Task instructions - Look below for the line containing "jah108-chanel-vintage-beige-lambskin-quilted-tote-bag"; from there, print each line exactly up to and including the line containing "Wspornik półka łapa", and stop.

Start of Material shown

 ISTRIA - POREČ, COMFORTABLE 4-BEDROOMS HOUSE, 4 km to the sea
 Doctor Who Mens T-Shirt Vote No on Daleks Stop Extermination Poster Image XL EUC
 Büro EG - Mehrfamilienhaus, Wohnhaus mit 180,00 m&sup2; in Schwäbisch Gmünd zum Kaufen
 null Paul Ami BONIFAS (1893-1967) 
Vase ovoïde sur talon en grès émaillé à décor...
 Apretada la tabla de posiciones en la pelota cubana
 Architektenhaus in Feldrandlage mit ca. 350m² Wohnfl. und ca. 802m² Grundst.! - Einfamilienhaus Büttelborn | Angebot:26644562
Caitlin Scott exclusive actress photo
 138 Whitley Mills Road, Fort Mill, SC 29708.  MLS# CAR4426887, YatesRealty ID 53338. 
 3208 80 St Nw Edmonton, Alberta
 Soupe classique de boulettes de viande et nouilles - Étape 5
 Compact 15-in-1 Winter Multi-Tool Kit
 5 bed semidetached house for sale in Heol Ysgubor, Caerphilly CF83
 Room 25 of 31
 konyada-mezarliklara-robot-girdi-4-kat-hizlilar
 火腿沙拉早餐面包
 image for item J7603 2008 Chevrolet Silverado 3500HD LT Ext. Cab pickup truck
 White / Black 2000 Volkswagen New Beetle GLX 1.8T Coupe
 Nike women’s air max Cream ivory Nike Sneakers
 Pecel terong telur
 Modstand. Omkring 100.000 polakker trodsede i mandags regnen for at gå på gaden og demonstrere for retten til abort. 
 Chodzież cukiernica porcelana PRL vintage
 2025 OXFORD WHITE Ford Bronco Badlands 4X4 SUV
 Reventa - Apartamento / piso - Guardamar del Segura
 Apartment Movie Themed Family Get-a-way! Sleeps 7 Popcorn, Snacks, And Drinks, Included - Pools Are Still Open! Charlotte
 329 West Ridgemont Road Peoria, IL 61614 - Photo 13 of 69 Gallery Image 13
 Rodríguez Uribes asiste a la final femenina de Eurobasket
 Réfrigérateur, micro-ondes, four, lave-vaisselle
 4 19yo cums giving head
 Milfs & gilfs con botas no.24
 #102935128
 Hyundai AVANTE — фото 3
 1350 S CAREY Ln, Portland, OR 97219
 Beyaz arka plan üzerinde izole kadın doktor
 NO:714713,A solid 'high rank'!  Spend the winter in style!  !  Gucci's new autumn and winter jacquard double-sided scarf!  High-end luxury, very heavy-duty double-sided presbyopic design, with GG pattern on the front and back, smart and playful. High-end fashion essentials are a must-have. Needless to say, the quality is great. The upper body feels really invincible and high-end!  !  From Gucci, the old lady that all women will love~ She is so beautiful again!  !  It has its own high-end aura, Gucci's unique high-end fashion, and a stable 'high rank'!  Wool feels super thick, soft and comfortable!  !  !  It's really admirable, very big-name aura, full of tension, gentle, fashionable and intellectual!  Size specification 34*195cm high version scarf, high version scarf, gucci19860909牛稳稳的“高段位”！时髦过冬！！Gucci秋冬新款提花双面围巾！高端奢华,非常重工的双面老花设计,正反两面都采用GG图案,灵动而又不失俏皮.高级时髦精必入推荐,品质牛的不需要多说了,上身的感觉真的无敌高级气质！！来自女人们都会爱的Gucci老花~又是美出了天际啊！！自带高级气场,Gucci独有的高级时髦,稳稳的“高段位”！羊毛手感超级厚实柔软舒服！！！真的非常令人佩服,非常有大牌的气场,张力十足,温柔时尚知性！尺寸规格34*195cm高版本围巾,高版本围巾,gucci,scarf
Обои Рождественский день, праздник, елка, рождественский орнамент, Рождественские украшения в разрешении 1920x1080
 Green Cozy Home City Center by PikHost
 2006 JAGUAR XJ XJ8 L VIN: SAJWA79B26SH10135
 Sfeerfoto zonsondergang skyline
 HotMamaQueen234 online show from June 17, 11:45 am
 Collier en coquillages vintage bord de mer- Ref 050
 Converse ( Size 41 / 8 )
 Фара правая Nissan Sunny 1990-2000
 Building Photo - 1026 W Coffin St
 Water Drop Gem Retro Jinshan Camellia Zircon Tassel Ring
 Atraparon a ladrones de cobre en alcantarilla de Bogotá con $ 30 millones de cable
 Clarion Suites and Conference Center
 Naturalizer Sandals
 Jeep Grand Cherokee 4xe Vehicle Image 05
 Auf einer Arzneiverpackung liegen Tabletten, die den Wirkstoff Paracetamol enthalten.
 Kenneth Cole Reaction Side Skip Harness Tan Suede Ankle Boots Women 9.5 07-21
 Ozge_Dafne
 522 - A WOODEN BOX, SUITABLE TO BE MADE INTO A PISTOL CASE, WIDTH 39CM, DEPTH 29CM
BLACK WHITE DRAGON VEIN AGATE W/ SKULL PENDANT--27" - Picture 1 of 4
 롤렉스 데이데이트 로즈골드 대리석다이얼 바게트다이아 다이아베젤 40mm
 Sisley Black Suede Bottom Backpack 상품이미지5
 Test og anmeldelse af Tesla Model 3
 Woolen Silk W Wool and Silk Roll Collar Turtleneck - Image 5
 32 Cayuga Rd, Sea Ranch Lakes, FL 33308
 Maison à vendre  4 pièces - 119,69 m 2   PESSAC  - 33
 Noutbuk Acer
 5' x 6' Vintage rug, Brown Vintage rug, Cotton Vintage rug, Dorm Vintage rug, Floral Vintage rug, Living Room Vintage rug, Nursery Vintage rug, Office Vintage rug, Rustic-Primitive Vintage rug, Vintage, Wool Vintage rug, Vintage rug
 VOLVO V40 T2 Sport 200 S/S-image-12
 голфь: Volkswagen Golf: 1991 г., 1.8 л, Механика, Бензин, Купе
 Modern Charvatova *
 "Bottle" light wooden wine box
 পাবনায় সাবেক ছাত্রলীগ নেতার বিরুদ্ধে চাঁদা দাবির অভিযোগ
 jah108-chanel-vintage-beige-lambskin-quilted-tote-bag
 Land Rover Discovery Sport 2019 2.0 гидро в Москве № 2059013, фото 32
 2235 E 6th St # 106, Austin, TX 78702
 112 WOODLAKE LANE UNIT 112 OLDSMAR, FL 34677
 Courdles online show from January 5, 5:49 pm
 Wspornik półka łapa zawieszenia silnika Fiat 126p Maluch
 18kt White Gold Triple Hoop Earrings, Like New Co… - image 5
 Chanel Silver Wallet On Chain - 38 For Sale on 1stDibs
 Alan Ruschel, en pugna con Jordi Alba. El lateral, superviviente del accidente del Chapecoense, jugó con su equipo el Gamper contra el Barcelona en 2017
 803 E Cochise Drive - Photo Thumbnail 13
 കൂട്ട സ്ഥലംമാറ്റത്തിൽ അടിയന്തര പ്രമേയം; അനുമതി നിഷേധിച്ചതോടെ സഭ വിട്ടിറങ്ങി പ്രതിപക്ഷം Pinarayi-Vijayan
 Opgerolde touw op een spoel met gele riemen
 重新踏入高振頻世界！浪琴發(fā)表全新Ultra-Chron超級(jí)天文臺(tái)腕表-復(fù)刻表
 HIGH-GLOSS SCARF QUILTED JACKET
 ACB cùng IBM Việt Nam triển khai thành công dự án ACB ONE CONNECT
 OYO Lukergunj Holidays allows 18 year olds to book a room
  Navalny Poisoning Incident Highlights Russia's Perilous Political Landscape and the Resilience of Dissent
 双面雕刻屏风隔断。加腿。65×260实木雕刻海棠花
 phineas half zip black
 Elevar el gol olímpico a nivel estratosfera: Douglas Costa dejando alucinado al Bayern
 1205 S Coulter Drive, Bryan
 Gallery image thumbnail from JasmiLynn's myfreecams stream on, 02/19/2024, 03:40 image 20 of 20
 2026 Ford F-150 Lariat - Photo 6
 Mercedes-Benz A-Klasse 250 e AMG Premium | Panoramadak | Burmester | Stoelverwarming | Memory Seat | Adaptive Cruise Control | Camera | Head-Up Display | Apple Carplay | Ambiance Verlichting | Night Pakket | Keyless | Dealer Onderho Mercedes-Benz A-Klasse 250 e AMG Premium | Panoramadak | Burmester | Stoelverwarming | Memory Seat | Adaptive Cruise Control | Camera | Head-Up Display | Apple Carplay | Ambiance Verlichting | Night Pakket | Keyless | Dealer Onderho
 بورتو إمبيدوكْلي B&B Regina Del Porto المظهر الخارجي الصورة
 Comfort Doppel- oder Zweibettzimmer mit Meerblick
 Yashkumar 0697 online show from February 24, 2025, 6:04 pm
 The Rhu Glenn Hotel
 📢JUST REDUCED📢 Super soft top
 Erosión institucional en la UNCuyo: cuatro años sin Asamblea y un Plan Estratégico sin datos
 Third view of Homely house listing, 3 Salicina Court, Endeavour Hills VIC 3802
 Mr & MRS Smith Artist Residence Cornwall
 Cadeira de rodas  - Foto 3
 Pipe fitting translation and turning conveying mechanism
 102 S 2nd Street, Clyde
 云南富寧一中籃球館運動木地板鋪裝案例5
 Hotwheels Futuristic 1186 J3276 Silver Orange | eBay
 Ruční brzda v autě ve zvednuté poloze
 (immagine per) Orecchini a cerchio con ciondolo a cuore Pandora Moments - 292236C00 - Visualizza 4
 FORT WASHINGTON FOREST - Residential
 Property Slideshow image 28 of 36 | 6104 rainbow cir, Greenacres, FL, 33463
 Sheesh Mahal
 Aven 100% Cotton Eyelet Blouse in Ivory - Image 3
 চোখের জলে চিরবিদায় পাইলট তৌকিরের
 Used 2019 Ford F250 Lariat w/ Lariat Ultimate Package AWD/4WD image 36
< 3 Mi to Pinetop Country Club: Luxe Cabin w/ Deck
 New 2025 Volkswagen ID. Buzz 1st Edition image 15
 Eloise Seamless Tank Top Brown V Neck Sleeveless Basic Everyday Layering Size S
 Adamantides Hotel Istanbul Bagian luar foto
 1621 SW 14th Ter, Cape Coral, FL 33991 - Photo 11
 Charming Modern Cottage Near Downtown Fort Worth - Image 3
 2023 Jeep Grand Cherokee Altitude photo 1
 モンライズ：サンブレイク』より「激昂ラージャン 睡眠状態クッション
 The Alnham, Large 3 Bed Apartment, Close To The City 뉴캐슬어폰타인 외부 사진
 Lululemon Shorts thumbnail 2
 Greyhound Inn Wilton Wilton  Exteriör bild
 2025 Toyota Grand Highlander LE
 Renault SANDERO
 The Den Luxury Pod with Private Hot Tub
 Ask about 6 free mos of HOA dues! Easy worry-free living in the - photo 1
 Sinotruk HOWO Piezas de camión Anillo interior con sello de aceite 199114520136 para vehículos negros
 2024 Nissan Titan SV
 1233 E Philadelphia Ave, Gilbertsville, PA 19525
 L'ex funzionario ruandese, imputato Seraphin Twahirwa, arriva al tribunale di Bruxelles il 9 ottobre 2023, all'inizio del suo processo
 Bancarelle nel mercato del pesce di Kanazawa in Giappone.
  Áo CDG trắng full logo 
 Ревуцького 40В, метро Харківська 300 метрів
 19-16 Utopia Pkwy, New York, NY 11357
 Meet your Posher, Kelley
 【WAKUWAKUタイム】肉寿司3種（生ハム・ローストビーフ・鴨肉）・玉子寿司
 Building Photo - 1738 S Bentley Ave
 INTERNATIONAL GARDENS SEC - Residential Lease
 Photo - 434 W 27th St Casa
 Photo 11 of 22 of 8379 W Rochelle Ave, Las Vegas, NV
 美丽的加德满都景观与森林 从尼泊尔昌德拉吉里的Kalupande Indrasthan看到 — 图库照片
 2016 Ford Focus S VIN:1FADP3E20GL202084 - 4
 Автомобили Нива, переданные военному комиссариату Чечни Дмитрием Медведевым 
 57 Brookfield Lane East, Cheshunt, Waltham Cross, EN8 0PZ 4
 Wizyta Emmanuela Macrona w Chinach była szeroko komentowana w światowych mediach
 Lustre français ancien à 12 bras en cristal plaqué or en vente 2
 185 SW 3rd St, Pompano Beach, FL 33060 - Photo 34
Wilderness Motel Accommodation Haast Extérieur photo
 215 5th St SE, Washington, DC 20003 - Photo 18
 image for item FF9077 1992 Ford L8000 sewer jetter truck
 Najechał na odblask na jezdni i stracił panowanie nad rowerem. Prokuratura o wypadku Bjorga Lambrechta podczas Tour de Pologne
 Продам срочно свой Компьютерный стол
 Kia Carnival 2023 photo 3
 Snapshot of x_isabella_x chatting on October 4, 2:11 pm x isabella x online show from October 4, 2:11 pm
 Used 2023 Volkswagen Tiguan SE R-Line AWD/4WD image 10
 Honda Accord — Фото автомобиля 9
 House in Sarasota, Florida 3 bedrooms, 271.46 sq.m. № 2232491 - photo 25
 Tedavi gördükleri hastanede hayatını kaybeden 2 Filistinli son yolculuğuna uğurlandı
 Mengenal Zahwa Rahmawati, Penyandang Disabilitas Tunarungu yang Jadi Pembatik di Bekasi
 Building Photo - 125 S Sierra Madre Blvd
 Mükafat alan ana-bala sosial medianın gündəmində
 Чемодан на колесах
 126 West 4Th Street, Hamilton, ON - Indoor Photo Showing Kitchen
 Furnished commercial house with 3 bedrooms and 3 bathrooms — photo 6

End of Material shown

Response to this task -
 jah108-chanel-vintage-beige-lambskin-quilted-tote-bag
 Land Rover Discovery Sport 2019 2.0 гидро в Москве № 2059013, фото 32
 2235 E 6th St # 106, Austin, TX 78702
 112 WOODLAKE LANE UNIT 112 OLDSMAR, FL 34677
 Courdles online show from January 5, 5:49 pm
 Wspornik półka łapa zawieszenia silnika Fiat 126p Maluch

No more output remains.